Many times some of the traditionally used reference genes, such as GAPDH, have been proven to show rather poor expression stability under given experimental conditions [32, 35, 73]. Therefore, there’s a need to find new candidates for reliable reference. Using RNA-seq datasets might significantly aid in this process. Transcriptome-based identification of novel reference genes has already been conducted in some plant species, e.g., Gossypium hirsutum [74], Allium tuberosum [75], Lactuca sativa [76] or Ardisia kteniophylla [77]. Yim et al. [33] also employed such strategy in order to find better internal controls for soybean studies. One of their newly identified candidates, Bic-C2, outperformed all of the genes tested in this experiment. Another one, GPX, also showed good overall performance as it ranked third in the full dataset. Likewise, Machado et al. [34] analyzed 1298 RNA-seq soybean samples and found 452 genes displaying uniform and constant expression, which might potentially serve as reference gene candidates. Six of them were also tested in this study. While CYP, EF1A and GPX remained stable after biostimulants exposure across both leaves and roots, ZnF, TIA and IGPS exhibited rather average expression stability. Therefore, the verification of candidates emerging from RNA-seq is still needed.

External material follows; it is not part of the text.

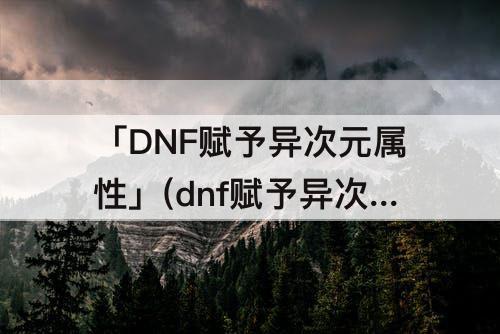 「DNF赋予异次元属性」(dnf赋予异次元属性怎么增幅)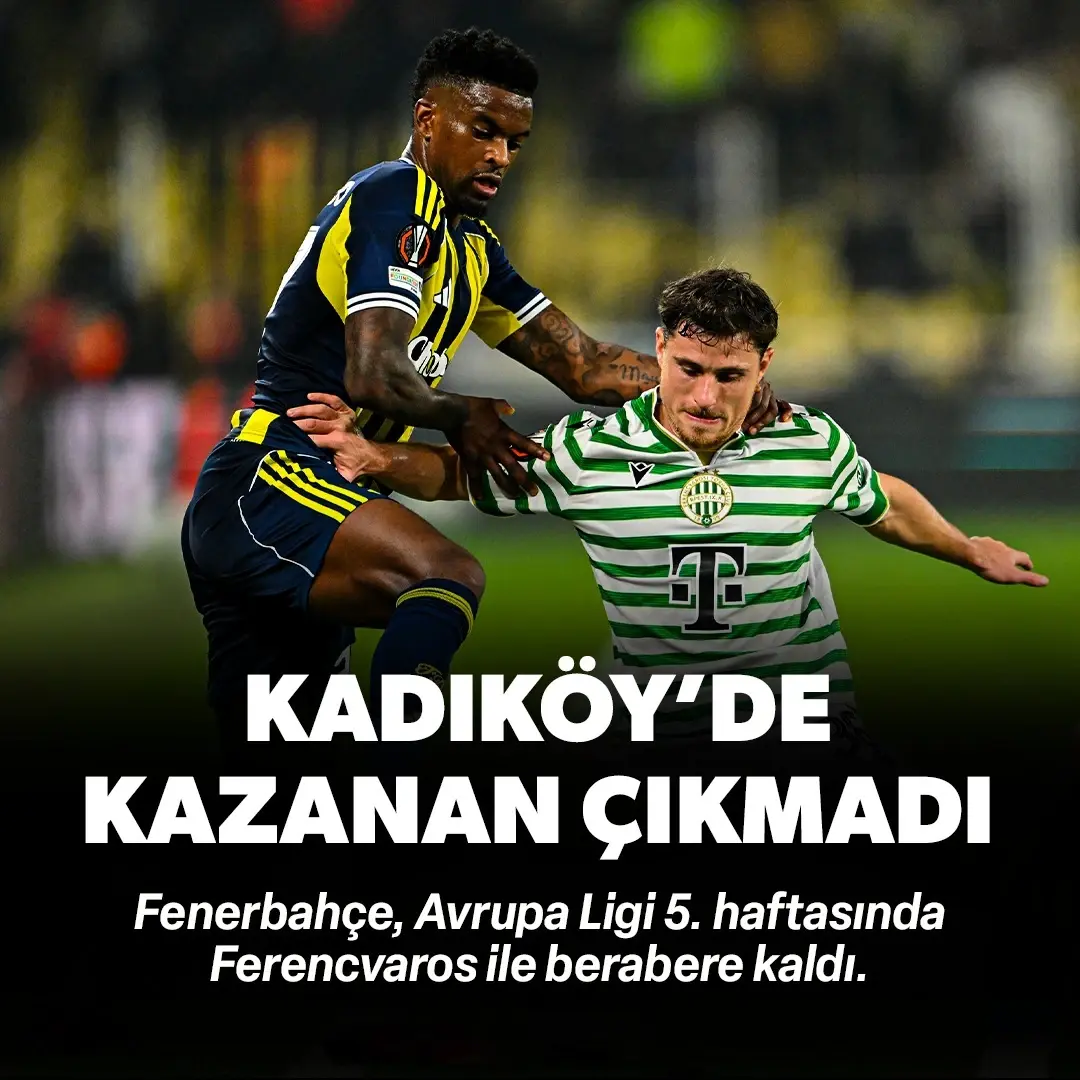 Fenerbahçe - Ferencvaros maçında kazanan çıkmadı | ÖZET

Since being identified as constitutively expressed in soybean [33], Bic-C2 has been used several times for RT-qPCR data normalization [78]. Yet, until now, its stability has not been confirmed by other authors. Based on the obtained results, we recommend Bic-C2 to be used in pair with CYP as reliable internal control in biostimulant-soybean research and to be considered as a worthy candidate for studies conducted in different species.

Conclusions

In summary, in this experiment, we tested the expression stability of ten candidate genes in soybean plants treated with three novel variants of plant biostimulants. The selected candidate genes included five commonly used reference genes: CYP, EF1A, EF1B, F-box, TUA; and five recently identified candidates showing stable expression in soybean: Bic-C2, GPX, IGPS, TIA, ZnF. Comprehensive analysis conducted with four algorithms points to Bic-C2 and CYP as the best-performing pair of reference genes in tested experimental material. The lowest expression stability was shown by one of the traditionally used reference genes, EF1B. Our results confirm that a pair of best-scoring genes will be sufficient for reliable RT-qPCR data normalization. Overall, we recommend Bic-C2 to be used together with CYP as a good internal control in the research of biostimulant applications on soybean plants. Moreover, these two candidate genes could be considered for biostimulation studies conducted in other plant species. The results of this study will aid in elucidating the biostimulant’s mode of action on the transcriptional level.